Hello,
I have a multidiemnsional DataArray with Dask under the hood that I would like to perform statistical bootstrapping on. There is one large (100k) dimension n
from which I would like to pick a 1000 new samples of the same size and calculate the variance of each sample. From what I’ve read in the Dask docs, the dask.array.random.choice
method only works on 1D arrays, so I’m generating the indices first and then using advanced indexing.
The problem is that advanced indexing creates new copies of the original array, which is about 13GB large in my case, resulting in the computation quickly running out of memory. Unforutnately, I don’t know how to avoid that, even though immediately after selecting the variance we reduce the n
dimension by calculating the variance. Therefore, the result is tiny.
The workaround I picked is simply calling compute
on each sample, but that uses about 10% of my CPU and the overall calculation is quite slow. Below you can find a minimal example of that. Do you have some ideas how to improve this solution if it is even possible? I know Dask struggles with operations like sort, so maybe it’s just not very parallelizable?
import numpy as np
import xarray as xr
from dask.distributed import Client, LocalCluster
import dask.array as da
sample_count = 100
n_size = 1000000
if __name__ == "__main__":
# setup cluster
cluster = LocalCluster(
"127.0.0.1:8786",
processes=True,
n_workers=2,
threads_per_worker=8,
timeout="2s",
)
client = Client(cluster)
# create dummy data (normally I read it from a zarr file)

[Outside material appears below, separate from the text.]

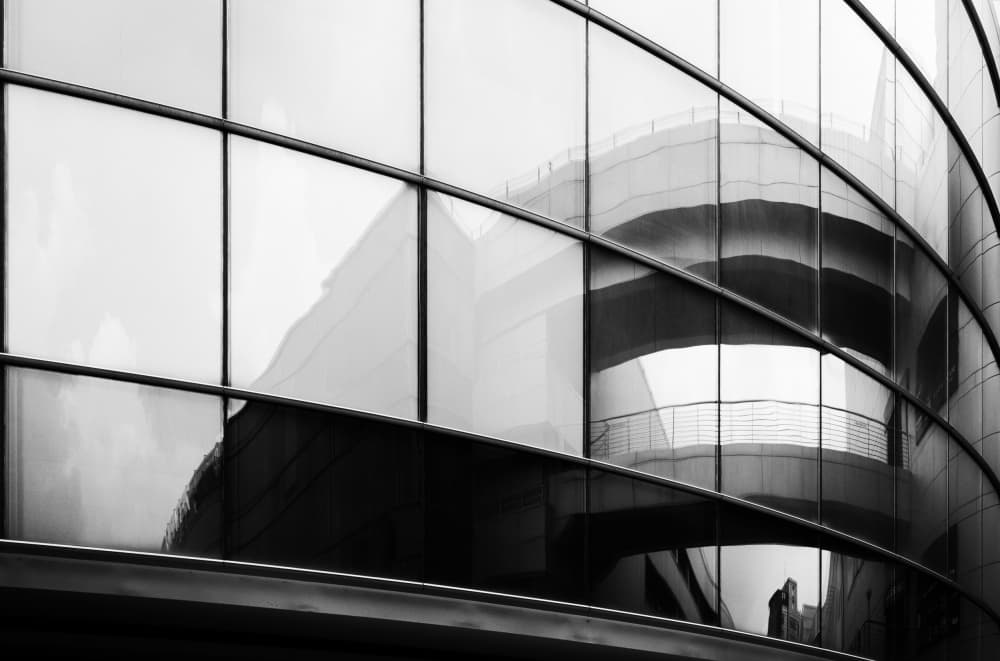 Urban Glass Reflections by Swen MUN — canvas wall art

projections = xr.DataArray(
da.random.random((4, 10, 2, n_size, 2, 11)), dims=("a", "b", "c", "n", "d", "e")
)
# Keep n in a single chunk (my real data has n in a single chunk)
projections = projections.chunk(
{
**dict(zip(projections.dims, np.repeat("auto", len(projections.dims)))),
"n": -1,
}
)
# create random indices for each sample
idx = xr.DataArray(
np.random.randint(
0,
projections.n.size,
(sample_count, projections.n.size),
),
dims=("sample", "n"),
)
result = []
for i in idx:
# I want to get rid of this compute call
result.append(projections.isel(n=i).var(dim="n").compute())
# I also tried calling projections.isel(n=idx), but the task graph takes forever to generate
xr.concat(
result,
dim="sample",
).chunk("auto").to_dataset(
name="var"
).to_zarr("result", mode="w")